Batch Task Scheduling for Minimum Total Cost

You are given a sequence of n tasks numbered from 1 to n. Each task i has a processing time \(T_i\) and a cost coefficient \(C_i\). The tasks must be processed in the given order, but you may partition them into one or more contiguous batches.

Processing is done batch‐by‐batch starting from time 0. Before processing each batch, the machine requires a startup time \(s\). Suppose a batch consists of tasks \(i+1,i+2,\dots,j\). All tasks in the batch finish at the same time, which is computed as follows. Let the finishing time after processing the first \(i\) tasks be \(F(i)\). Then the finishing time for tasks \(i+1\) through \(j\) is \[ F(j)=F(i)+s+\sum_{k=i+1}^{j}T_k. \] In particular, if no previous task exists (i.e. \(i=0\) and we define \(F(0)=0\)) then the finishing time of the first batch is \[ F(j)=s+\sum_{k=1}^{j}T_k. \]

The cost incurred for task \(k\) is defined as its finishing time multiplied by its cost coefficient, i.e. \[ \text{cost}_k = F(j) \times C_k \quad \text{for } k \text{ in the batch finishing at } F(j). \] Your goal is to choose a partition of the tasks into batches so that the total cost: \[ \sum_{\text{batches}}\; F(\text{batch end}) \times \Bigl(\text{sum of } C_i \text{ in the batch}\Bigr) \] is minimized.

Input Format
The first line contains two integers \(n\) and \(s\) -- the number of tasks and the machine startup time respectively. Each of the next \(n\) lines contains two integers \(T_i\) and \(C_i\) representing the processing time and cost coefficient of the \(i\)th task.

Output Format
Output a single integer representing the minimum total cost.
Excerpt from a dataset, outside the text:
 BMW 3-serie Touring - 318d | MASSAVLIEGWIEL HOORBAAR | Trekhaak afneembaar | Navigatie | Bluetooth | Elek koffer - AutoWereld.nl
Note: All formulas are given in \(\LaTeX\) format.

inputFormat

The first line contains two space-separated integers \(n\) and \(s\). Following this, there are \(n\) lines; the \(i\)th line contains two space-separated integers \(T_i\) and \(C_i\).

Example:
3 1 1 1 2 3 3 2

outputFormat

Output a single integer: the minimum total cost to complete all tasks.

Example: for the above input, the correct output is 32.

sample

3 1
1 1
2 3
3 2

32